> **Problem statement**
Only the lines from the start of the data to the line containing "Women's Mini Canvas", both included, should be output, exactly and without pictures.

> **Data to use**
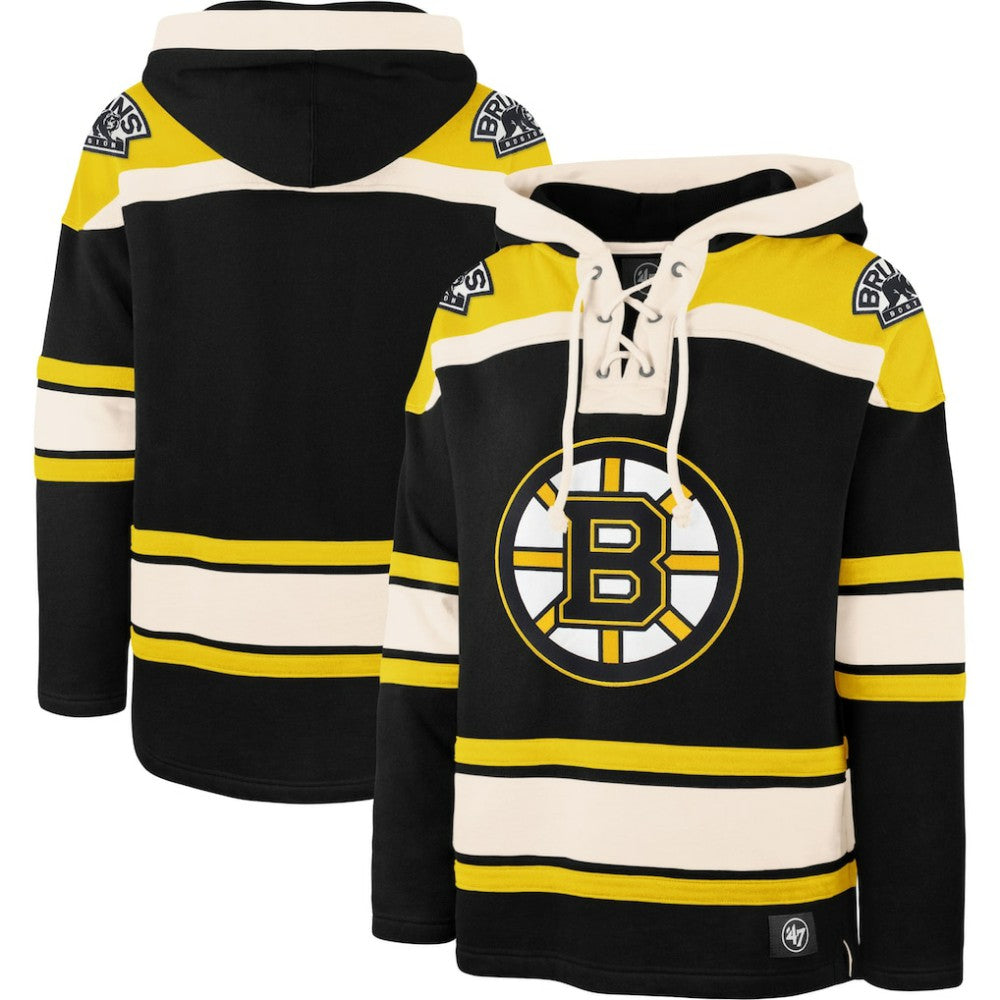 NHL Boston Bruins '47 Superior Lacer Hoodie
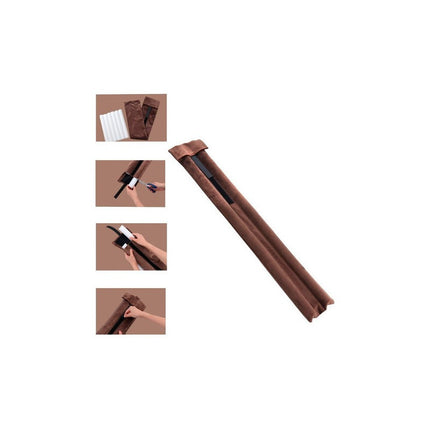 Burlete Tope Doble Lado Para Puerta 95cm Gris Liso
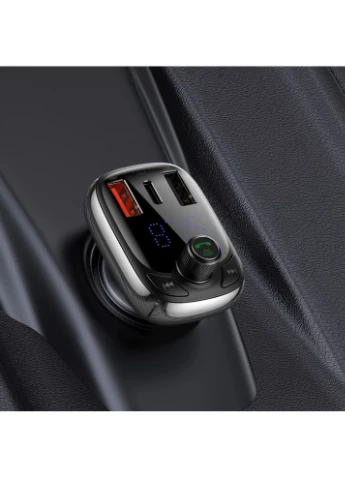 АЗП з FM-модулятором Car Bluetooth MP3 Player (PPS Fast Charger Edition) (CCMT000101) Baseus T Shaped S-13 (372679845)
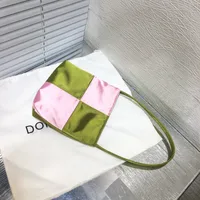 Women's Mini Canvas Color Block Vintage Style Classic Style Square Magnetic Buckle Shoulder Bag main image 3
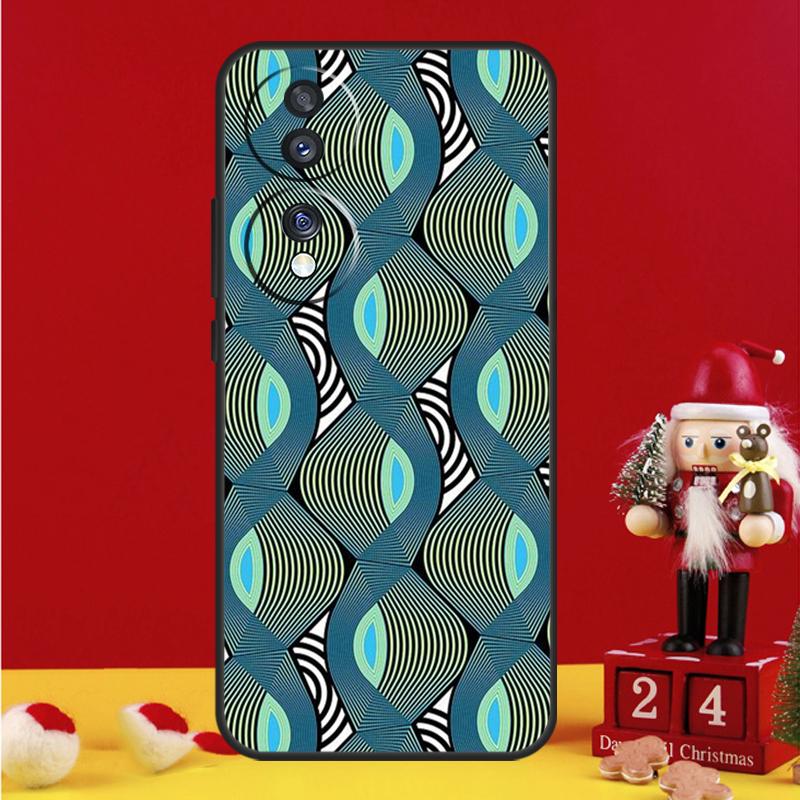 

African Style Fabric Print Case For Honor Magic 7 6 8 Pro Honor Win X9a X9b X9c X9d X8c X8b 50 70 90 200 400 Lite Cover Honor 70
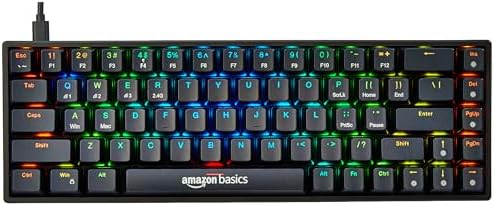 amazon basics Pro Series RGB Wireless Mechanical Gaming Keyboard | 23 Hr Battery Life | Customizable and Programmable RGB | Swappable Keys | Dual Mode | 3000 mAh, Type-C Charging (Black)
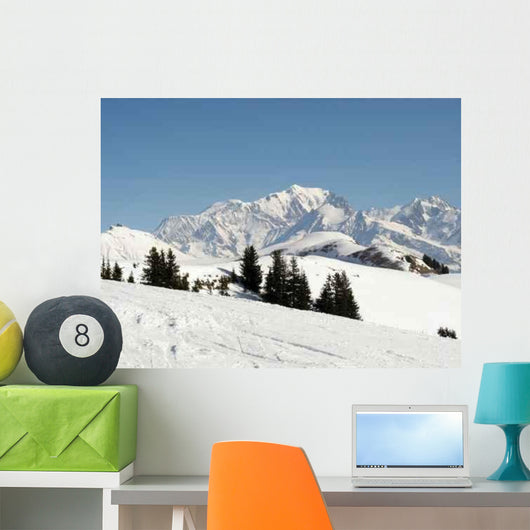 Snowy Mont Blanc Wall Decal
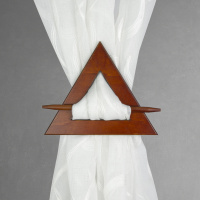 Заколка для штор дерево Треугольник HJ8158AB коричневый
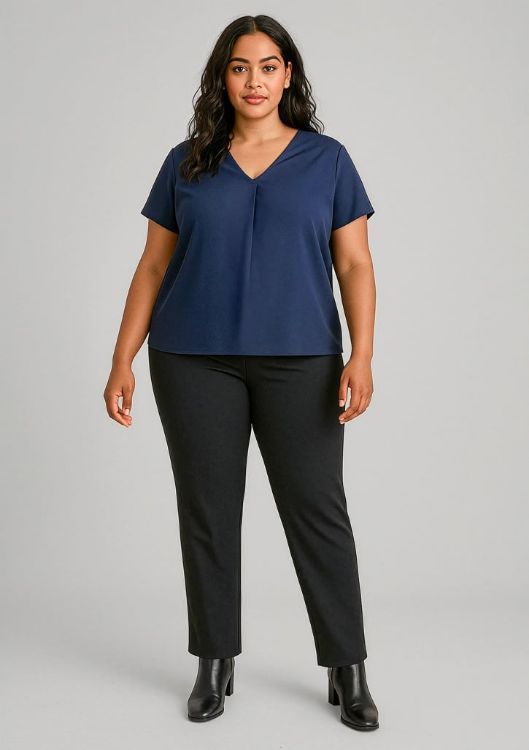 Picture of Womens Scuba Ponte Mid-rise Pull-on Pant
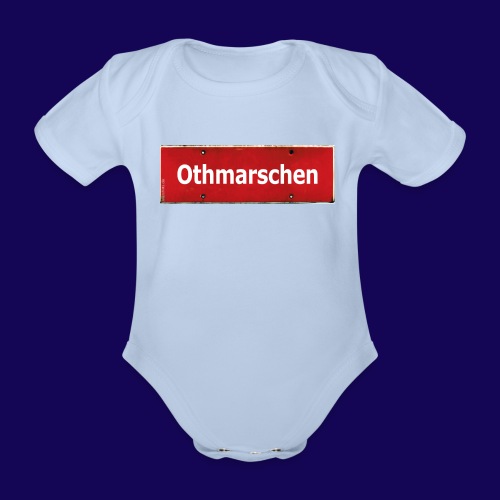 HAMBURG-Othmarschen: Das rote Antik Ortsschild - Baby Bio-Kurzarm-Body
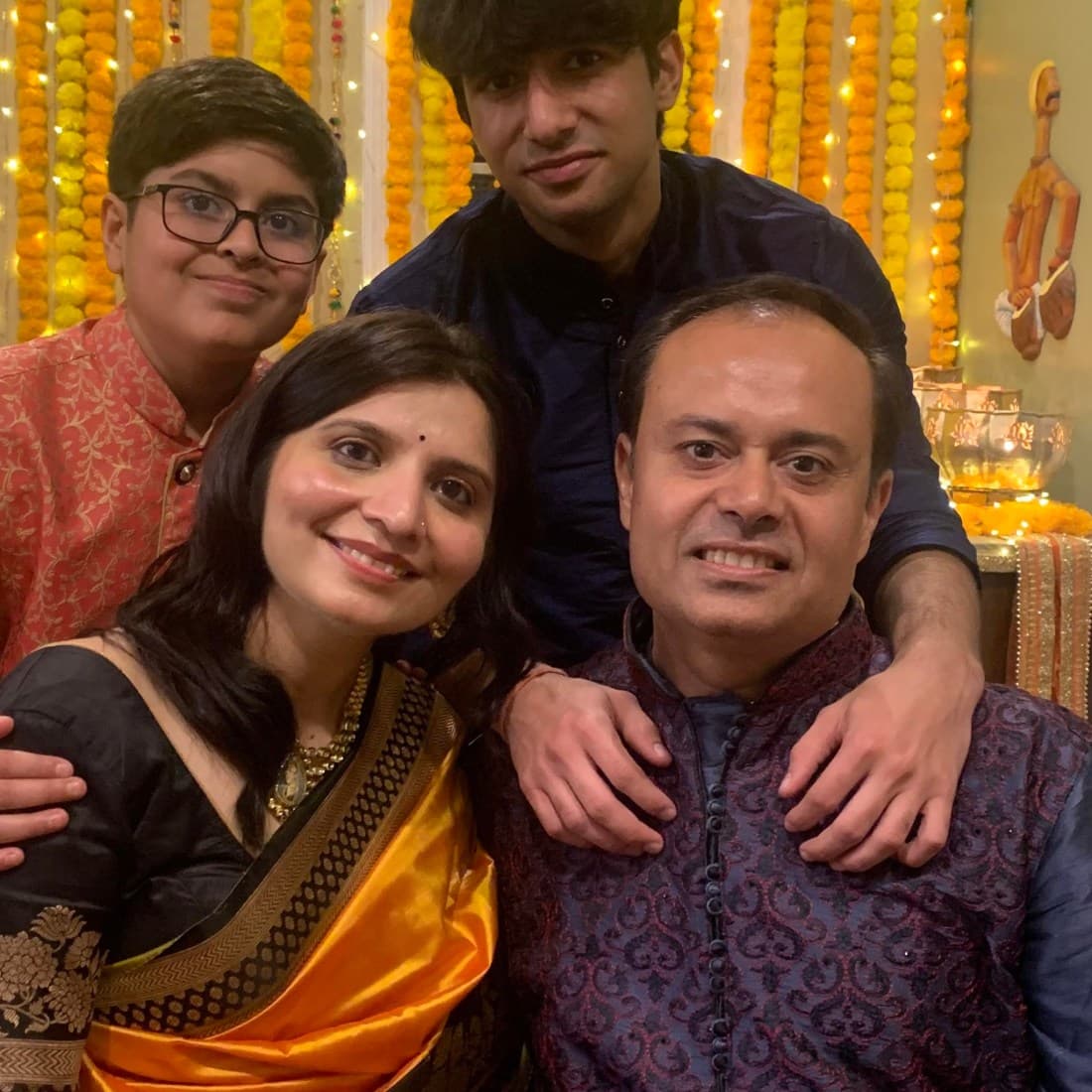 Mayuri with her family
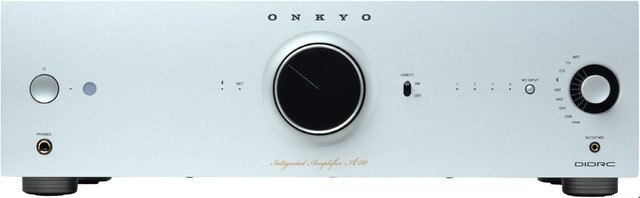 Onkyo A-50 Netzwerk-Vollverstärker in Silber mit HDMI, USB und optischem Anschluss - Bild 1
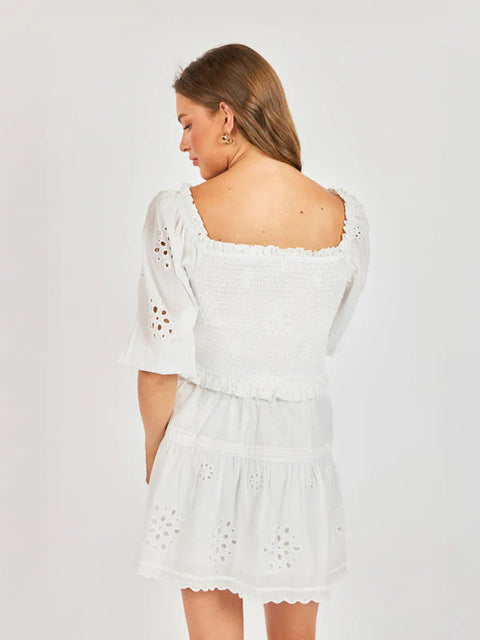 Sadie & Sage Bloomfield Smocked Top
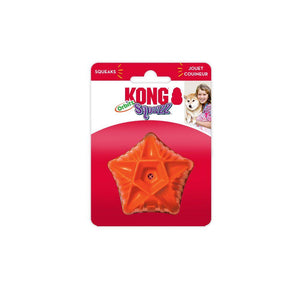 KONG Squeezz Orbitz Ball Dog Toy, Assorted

> **Response to this task**
 NHL Boston Bruins '47 Superior Lacer Hoodie
 Burlete Tope Doble Lado Para Puerta 95cm Gris Liso
 АЗП з FM-модулятором Car Bluetooth MP3 Player (PPS Fast Charger Edition) (CCMT000101) Baseus T Shaped S-13 (372679845)
 Women's Mini Canvas Color Block Vintage Style Classic Style Square Magnetic Buckle Shoulder Bag main image 3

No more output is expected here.